Warsash is located on the east bank of the river immediately within the entrance to the River Hamble. The small village is made conspicuous by the Harbour Master's Office tower, circled by white with black bands and a flagstaff, that fronts its riverside. Hamble Harbour Master holds jurisdiction of the river, within the limits best seen on a chart, on behalf of Hampshire County Council.

The Harbour Master offers three potential berthing options:

  • • A midstream pontoon at the entrance with drafts in excess of 4 metres chart datum.

  • • The Harbour Master's jetty at Warsash with a draft of 1.8 metres chart datum.

  • • The Harbour Master's jetty at Hamble with a draft of 1.5 metres chart datum.
The River Hamble provides a draft of no less than 3 metres chart datum to all of the Harbour Master’s berths.

All Harbour Master berths may be freely used for quick set-downs or pick-ups. No charge will be made for stays of up to 30 minutes provided the berths are available and the vessel is not left unattended.
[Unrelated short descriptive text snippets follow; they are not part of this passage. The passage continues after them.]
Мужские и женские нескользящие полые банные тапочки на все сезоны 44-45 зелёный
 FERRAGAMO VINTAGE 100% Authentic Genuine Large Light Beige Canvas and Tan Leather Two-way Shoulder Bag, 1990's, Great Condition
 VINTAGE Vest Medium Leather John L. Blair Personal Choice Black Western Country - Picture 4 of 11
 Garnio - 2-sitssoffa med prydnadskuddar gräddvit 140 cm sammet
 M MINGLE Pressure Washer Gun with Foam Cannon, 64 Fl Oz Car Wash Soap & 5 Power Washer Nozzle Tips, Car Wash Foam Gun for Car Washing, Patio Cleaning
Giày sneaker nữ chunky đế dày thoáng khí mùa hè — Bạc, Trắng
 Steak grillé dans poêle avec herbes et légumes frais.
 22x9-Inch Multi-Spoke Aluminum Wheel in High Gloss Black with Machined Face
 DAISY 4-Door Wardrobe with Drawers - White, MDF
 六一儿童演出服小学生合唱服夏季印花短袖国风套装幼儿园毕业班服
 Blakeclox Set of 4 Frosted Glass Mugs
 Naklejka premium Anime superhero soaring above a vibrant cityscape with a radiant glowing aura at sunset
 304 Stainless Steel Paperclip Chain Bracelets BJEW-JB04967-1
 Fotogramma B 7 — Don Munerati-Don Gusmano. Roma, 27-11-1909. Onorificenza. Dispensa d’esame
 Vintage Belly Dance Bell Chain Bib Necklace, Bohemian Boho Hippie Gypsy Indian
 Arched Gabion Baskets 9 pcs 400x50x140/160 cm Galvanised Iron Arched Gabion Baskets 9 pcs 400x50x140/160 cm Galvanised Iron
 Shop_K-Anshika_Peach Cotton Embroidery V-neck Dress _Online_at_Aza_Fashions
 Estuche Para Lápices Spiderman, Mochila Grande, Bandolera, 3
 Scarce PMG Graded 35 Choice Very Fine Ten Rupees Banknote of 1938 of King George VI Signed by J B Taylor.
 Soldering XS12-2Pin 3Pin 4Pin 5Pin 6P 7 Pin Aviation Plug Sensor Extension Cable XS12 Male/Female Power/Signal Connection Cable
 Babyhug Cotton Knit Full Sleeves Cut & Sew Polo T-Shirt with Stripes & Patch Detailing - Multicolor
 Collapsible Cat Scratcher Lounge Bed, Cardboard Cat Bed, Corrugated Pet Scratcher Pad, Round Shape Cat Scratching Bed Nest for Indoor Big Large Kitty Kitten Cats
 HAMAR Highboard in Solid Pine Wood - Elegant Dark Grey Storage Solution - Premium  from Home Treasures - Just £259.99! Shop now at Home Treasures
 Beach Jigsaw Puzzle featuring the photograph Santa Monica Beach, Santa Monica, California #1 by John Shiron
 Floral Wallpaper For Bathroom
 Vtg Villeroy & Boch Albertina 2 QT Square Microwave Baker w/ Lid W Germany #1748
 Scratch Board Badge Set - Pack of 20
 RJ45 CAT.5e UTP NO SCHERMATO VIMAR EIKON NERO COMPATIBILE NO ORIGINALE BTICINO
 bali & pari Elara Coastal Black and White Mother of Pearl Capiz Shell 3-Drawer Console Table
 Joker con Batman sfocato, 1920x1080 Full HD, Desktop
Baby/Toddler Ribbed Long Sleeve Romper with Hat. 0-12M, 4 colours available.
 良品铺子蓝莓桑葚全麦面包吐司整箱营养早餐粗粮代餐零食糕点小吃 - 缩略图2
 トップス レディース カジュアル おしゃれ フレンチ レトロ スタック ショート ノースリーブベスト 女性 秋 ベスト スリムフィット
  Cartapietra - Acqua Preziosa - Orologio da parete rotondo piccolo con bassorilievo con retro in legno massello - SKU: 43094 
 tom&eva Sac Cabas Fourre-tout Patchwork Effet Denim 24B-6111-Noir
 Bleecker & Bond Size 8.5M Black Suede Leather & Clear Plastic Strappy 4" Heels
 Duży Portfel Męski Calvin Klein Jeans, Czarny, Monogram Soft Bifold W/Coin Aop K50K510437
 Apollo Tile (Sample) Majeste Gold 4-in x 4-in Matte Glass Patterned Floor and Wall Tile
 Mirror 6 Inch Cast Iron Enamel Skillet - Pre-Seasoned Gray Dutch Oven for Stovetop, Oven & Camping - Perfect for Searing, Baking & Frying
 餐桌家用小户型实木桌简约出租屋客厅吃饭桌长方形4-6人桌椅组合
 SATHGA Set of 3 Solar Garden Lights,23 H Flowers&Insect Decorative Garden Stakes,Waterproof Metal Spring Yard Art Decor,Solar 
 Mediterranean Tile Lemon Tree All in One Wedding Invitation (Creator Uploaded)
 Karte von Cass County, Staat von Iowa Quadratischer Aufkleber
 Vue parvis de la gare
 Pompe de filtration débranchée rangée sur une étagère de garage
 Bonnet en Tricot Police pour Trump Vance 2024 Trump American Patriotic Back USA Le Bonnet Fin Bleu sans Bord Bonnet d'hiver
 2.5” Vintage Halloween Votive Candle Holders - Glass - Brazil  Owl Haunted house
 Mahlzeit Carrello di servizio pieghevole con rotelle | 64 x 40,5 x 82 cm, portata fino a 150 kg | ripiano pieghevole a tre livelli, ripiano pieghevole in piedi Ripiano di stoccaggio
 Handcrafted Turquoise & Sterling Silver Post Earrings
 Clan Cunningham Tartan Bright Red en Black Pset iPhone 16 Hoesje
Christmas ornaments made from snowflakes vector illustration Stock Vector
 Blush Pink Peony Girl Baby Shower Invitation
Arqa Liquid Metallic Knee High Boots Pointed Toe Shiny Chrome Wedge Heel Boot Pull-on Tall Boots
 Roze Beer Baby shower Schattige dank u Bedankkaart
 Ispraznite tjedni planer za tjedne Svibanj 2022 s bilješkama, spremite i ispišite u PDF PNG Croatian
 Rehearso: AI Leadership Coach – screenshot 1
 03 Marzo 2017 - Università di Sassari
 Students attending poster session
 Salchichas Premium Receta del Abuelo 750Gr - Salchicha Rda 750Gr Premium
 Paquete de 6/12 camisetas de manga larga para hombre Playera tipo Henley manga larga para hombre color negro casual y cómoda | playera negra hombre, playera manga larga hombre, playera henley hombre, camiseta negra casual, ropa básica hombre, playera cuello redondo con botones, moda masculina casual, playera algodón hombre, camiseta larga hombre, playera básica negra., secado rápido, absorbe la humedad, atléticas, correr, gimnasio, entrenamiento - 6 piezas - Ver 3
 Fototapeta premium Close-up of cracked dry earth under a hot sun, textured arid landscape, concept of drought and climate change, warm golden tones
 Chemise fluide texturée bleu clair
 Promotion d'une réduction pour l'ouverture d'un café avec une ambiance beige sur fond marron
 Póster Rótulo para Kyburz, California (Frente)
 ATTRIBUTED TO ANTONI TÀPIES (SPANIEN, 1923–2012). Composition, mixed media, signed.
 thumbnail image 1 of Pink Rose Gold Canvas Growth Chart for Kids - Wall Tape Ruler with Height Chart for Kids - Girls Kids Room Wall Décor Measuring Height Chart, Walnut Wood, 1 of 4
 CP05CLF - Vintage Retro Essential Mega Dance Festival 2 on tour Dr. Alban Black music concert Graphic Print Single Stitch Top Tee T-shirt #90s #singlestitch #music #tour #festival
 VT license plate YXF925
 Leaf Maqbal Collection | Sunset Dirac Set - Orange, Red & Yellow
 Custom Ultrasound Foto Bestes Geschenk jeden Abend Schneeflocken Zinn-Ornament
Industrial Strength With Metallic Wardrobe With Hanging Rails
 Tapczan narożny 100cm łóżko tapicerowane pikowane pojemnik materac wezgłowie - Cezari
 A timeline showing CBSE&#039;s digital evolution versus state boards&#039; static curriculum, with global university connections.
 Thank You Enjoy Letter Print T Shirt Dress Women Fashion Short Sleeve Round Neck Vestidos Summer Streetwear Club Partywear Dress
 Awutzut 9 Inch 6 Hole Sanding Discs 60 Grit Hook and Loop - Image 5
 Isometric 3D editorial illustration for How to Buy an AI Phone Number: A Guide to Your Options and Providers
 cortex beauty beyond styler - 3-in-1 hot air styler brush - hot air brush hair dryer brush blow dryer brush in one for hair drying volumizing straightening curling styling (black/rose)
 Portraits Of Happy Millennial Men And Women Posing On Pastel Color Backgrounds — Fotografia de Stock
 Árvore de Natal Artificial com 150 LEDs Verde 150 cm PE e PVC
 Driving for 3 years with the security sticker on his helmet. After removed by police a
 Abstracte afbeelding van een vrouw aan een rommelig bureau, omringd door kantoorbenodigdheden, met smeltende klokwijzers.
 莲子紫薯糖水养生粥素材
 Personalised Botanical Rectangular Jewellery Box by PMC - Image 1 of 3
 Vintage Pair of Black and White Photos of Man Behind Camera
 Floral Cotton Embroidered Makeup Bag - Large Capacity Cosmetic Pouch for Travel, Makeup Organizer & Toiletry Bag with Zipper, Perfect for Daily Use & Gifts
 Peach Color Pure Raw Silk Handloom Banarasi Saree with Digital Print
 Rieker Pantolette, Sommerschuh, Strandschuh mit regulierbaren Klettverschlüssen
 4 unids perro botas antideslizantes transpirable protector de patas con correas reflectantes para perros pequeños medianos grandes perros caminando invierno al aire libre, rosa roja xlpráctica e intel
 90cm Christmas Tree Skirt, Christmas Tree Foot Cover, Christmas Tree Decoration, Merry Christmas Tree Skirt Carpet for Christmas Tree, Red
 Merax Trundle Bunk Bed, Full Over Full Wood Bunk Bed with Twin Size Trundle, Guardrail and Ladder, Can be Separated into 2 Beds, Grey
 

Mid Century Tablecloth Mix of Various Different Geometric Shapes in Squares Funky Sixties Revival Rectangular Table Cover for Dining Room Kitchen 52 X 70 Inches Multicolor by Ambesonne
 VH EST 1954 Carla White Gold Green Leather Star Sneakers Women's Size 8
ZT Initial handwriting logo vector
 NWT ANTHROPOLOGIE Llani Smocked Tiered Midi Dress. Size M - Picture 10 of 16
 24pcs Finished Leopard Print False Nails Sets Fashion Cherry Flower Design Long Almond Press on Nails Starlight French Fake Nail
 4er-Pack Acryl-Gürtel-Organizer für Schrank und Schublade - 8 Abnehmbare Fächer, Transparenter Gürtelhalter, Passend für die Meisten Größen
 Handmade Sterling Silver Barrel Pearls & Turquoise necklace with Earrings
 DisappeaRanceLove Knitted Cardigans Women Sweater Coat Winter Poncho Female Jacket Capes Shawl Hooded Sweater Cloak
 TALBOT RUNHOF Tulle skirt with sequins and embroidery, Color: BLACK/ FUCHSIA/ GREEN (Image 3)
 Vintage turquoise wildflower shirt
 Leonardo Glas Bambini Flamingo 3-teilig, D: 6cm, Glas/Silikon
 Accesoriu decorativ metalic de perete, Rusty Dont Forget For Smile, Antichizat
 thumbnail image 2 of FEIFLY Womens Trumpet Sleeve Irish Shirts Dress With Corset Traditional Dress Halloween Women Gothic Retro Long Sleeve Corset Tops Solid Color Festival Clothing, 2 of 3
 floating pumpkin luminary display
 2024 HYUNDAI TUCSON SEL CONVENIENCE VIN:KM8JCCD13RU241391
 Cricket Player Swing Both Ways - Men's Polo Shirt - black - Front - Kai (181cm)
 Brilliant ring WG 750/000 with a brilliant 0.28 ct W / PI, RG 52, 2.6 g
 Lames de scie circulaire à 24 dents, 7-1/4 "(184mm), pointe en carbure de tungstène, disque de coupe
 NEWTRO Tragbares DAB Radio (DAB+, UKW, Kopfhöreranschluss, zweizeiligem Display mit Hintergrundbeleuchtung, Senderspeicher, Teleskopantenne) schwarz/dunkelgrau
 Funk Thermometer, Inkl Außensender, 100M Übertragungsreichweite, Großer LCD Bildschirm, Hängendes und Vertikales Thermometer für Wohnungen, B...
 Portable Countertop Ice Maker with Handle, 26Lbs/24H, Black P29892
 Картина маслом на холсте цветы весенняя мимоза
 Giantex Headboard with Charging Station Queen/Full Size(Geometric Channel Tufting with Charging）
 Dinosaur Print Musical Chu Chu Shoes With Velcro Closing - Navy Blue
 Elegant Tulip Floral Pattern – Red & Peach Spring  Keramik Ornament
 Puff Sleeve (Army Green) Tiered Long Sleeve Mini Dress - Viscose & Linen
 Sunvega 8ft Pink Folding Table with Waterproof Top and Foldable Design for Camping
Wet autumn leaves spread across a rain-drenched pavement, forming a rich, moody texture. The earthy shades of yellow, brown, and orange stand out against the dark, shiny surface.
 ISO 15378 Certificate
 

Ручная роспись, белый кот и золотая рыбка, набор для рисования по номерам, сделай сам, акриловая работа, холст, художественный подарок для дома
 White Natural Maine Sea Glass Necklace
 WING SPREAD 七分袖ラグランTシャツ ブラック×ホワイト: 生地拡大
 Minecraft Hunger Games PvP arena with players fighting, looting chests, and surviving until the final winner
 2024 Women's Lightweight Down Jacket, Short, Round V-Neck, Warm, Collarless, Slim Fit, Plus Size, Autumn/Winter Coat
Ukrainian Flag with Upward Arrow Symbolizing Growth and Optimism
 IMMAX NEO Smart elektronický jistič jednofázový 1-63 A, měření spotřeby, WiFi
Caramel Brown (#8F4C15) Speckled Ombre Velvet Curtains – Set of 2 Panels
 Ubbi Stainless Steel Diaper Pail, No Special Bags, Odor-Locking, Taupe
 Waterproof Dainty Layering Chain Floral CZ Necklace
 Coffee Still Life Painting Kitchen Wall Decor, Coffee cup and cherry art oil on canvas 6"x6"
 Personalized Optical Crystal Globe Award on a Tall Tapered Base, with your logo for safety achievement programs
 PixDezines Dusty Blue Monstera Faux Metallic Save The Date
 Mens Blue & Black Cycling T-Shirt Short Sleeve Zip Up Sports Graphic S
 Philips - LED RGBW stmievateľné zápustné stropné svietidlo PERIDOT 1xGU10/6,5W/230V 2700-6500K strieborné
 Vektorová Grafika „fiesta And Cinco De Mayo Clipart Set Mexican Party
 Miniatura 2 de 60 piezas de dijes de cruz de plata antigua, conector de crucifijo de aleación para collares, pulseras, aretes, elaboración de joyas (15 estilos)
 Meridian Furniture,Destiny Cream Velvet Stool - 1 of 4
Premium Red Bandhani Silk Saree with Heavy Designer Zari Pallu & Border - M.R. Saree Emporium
The Hamble Harbour Master strictly allocates berths in the order in which visitors arrive. The only exception to the first-come, first-served rule is in the case of rallies that may be accommodated in advance. It is therefore advisable to make contact in advance of arrival so that the Harbour Master can advise on the current availability. Likewise it may prove useful to call well in advance so as to avoid times when they are likely to be overwhelmed by rallies or special events. In most cases they find a way to accommodate their visitors.

Harbour Master P: +44 1489 576387 VHF Ch. 68 call sign [Hamble Harbour Radio]. The office in Warsash is open 8.30 am to 5 pm daily. If the office is unavailable Hamble Patrol operates in the summer, 1 April to 30 September, from 6.30am to 10pm and in winter, 1 October to 30 April, 8.30am to 5pm. The patrol is available on M: +44 7718 146380 or +44 7718 146381.



Convergance Point The Solent and Isle of Wight Route location coastal description provides approach details. Vessels navigating the six-mile length of Southampton Water should keep a listening watch for Southampton VTS, on VHF Ch 12/16, especially around the docks, and give priority to commercial traffic. Vessels converging on the entrance will find nothing in the way of local hazards by staying in reasonable soundings and following the Solent’s ample marks. The entrance to the River Hamble is made known from a great distance by being almost opposite to Fawley Power Station in Southampton Water. Fawley's 198 metres high chimney makes a conspicuous mark throughout the central Solent and beyond.

The approaches and run up the river as far as the Bursledon Bridge, the effective head of navigation for most sailing craft, are covered in the Deacons Marina and Boatyard Click to view haven entry.





Haven location The Harbour Master’s visitor’s pontoon is the first mid-stream pontoon encountered immediately to port of the main fairway, between Warsash and Hamble Point Marina. The fist pile has red/green/red striping after which it has distinctive blue piles, numbered B1 – B6, and is clearly marked ‘Visitors'. By night its head pile exhibits a light off its southern end Fl(2+1)R.10s 2M.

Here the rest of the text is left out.